To paraphrase one of the five worst* people who ever lived, ‘when something really bad happens to one person, it’s a tragedy; when it happens to a million, it’s a statistic.’

360_1929_crash_1028This is certainly true of foreclosures. At least today.

I bring this up because I am sometimes asked why I expend such time and energy defending foreclosure actions. I say sometimes because it’s only occasionally verbally stated, usually it’s expressed via ‘that look.’

‘That look’ – a slight crinkling of the eyebrows, a thin, quick frown, maybe a brief tilt of the head when I say what I do.

Unless, of course, they have been through foreclosure themselves or had family or friends involved. Then I get a knowing nod, smile.

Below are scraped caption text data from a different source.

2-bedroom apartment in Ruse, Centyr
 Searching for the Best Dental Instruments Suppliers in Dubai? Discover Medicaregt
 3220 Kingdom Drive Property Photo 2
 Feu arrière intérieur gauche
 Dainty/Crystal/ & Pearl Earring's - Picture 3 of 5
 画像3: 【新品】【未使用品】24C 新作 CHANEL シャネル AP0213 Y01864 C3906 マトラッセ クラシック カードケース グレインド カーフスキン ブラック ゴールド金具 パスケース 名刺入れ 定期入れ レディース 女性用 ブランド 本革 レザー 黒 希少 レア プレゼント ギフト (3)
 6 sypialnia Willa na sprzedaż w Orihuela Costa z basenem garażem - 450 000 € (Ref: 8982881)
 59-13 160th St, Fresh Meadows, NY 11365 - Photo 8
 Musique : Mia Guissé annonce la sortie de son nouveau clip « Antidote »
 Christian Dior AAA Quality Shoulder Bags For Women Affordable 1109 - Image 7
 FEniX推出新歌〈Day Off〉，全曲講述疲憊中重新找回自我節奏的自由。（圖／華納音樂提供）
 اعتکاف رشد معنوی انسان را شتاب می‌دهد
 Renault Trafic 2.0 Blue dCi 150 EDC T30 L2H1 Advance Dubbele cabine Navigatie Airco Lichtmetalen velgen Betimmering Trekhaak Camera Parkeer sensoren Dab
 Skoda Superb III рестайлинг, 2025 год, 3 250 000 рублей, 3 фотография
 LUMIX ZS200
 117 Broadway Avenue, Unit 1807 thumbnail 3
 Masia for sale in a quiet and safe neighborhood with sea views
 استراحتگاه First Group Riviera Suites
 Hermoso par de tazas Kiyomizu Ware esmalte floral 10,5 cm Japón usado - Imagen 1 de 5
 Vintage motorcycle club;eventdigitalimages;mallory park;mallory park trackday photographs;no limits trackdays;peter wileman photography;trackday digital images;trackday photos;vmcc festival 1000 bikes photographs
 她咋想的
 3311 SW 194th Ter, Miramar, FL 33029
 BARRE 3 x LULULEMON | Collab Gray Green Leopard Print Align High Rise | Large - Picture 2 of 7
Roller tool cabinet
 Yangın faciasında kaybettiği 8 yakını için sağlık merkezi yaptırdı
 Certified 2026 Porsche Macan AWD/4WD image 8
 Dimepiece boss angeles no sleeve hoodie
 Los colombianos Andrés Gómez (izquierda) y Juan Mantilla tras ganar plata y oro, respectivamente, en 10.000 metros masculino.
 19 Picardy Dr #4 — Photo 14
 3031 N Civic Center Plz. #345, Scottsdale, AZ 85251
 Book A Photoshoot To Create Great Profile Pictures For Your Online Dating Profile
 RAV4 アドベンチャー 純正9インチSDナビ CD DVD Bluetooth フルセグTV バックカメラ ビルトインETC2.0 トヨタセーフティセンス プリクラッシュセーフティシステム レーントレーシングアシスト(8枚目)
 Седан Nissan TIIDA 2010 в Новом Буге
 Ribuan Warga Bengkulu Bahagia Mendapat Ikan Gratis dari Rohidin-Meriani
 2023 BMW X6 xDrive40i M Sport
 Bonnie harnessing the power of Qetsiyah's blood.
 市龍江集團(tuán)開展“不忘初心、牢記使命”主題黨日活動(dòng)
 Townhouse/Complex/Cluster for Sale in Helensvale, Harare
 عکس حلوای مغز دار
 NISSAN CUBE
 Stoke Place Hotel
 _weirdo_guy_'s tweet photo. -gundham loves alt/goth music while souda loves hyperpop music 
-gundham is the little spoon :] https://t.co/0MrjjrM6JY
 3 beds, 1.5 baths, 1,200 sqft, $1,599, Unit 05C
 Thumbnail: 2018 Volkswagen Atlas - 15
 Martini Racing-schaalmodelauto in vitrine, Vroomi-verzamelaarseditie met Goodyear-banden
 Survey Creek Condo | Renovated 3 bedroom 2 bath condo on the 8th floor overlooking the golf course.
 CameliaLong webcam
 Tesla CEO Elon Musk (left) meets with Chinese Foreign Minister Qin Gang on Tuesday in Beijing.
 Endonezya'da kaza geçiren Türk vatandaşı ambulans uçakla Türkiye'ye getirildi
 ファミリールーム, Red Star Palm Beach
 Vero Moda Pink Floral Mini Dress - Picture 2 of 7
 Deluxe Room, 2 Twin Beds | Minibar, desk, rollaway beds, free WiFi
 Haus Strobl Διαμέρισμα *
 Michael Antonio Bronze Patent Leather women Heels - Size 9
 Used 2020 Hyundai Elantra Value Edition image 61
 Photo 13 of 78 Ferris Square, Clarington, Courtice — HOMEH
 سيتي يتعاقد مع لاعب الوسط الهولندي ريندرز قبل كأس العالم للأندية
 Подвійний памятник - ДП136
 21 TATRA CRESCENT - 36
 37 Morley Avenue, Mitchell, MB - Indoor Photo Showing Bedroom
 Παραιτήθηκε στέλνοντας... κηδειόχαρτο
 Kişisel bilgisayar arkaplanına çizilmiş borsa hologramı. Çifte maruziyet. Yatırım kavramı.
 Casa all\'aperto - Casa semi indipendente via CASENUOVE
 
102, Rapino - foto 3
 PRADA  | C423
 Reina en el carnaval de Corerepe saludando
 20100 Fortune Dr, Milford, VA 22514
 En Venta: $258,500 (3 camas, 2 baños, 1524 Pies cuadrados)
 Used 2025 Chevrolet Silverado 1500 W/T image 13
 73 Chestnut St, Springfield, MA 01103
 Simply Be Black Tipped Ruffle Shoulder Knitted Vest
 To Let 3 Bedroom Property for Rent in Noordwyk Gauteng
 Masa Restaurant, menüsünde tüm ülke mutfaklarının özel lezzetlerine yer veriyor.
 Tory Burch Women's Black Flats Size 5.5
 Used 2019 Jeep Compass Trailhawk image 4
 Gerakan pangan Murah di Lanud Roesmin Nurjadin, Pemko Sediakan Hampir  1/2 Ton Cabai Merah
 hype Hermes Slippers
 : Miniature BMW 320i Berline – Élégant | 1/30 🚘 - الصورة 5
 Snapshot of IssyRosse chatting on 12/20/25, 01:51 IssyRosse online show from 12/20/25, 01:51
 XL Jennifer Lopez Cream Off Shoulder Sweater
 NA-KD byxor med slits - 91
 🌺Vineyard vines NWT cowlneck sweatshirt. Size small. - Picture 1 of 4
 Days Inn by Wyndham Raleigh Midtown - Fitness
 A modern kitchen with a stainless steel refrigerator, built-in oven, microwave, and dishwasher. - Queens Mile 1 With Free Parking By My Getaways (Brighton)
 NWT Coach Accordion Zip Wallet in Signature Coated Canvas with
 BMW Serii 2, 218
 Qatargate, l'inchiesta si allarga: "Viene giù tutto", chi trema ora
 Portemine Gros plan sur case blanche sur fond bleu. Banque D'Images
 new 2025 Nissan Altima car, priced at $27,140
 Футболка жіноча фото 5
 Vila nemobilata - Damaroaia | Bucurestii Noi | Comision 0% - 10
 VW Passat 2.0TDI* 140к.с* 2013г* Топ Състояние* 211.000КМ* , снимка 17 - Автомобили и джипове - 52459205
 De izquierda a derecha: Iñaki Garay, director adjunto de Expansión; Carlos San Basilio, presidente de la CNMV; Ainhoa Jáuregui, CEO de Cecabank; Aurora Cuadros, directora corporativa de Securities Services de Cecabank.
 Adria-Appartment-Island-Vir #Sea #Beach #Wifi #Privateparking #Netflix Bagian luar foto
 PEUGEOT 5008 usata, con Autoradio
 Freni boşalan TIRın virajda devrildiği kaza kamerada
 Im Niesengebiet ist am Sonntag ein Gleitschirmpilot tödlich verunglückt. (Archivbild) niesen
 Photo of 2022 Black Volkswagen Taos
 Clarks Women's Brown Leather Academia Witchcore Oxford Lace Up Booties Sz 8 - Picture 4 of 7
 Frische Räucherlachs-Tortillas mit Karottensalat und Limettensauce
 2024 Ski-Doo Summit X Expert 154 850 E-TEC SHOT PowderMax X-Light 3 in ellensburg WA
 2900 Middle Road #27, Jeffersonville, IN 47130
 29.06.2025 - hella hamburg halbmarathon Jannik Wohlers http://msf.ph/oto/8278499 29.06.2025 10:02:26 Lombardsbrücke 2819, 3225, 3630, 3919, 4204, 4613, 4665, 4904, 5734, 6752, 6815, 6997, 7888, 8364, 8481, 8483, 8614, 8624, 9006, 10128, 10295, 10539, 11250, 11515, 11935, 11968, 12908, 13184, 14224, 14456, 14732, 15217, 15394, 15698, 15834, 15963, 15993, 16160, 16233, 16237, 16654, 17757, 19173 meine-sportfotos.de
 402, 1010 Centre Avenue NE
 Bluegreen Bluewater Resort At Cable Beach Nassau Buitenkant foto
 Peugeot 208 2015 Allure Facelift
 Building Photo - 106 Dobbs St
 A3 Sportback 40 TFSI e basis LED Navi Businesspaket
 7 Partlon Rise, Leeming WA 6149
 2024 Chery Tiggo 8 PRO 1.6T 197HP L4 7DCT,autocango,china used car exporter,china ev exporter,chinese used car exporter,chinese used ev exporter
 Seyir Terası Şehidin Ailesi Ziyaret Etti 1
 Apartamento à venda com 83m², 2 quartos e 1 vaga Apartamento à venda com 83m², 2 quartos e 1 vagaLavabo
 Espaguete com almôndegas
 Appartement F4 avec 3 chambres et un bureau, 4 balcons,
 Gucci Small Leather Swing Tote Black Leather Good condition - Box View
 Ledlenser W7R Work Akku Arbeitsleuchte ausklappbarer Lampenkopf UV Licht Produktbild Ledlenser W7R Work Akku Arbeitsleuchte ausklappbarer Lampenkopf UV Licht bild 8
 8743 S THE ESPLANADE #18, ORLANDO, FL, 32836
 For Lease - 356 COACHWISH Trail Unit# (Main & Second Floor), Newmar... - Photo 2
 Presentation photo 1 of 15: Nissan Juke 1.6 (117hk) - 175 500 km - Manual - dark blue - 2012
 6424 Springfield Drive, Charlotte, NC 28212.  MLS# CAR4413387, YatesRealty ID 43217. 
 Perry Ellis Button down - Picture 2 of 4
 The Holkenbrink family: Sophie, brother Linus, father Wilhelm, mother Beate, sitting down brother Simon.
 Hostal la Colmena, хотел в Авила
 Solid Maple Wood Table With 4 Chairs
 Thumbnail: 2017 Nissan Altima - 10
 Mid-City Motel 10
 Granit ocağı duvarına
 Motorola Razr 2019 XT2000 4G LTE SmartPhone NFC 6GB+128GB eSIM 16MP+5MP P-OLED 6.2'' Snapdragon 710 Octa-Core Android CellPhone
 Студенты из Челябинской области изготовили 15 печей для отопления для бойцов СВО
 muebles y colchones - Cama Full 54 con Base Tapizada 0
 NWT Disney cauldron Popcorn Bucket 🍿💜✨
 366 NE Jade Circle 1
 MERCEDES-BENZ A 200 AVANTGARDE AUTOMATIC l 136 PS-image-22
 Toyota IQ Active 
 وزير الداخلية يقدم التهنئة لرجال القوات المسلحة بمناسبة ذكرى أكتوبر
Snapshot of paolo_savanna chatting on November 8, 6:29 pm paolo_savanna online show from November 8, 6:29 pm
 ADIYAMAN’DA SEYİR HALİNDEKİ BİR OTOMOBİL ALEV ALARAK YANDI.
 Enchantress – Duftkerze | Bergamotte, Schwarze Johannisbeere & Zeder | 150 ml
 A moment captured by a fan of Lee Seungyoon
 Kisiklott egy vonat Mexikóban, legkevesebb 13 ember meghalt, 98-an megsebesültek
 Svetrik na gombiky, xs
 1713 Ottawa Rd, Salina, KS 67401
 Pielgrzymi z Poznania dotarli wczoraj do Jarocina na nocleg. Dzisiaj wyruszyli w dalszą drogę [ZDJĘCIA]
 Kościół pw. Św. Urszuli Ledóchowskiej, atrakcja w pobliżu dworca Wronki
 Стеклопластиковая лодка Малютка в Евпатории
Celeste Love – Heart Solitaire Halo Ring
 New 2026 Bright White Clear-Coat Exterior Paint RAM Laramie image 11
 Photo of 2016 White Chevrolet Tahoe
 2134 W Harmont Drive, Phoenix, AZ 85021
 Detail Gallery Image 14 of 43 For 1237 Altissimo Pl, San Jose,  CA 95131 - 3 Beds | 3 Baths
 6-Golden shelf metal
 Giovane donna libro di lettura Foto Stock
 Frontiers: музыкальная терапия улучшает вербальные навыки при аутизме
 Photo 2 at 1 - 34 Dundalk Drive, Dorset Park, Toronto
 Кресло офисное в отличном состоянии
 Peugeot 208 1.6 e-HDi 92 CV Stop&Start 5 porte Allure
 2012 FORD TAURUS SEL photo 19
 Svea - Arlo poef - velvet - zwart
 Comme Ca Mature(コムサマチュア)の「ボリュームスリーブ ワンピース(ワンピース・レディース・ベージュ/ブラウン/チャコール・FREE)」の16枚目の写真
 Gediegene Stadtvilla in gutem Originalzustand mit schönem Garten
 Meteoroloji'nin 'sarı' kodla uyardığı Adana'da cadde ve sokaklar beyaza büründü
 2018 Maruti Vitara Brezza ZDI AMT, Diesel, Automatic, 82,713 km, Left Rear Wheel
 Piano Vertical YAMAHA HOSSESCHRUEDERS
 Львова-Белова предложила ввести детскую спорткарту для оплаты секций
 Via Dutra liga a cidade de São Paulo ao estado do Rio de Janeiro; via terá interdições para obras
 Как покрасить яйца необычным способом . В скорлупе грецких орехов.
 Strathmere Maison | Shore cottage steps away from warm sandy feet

Why? Because years ago, before I graduated high school, foreclosures were something that happened to ‘other people’ and in virtual secrecy. They were much, much rarer on the court calendars than they are today. And, it probably took a lot more to get a case to court. Banks and mortgage companies were much more likely to be local – another word for approachable. You could talk to your banker, lender, face-to-face, work things out.

Foreclosures then were small tragedies that happened in the very occasional neighborhood.

The financial meltdown of 2007-8 changed that. In months, millions of homeowners were at risk and failing quickly. Very, very few local banks and lenders exist anymore, corporations and computers took over years ago. Out of necessity, the foreclosure process became industrialized.

The people in the long lines and crowded hallways in the courthouses have become statistics. In the eight years since the meltdown the two largest foreclosure firms in the Greater Hartford area have filed over 70,000 foreclosure cases. And counting.

The great tragedy with that is individuals are lost. Completely. A file is a file is a statistic – win, lose, draw, but close the case.

So, when I get ‘that look’ I try to bring it back to the first or second person, away from that horrible third person ‘them.’ The easiest, most effective way is to point out the effect of this crisis on neighborhoods – “Well, would you want a foreclosed house in your neighborhood?  How about more than one?”

That takes it back to the first person pretty quickly. I can’t enforce empathy, but I can provide it, though I wish I didn’t have to.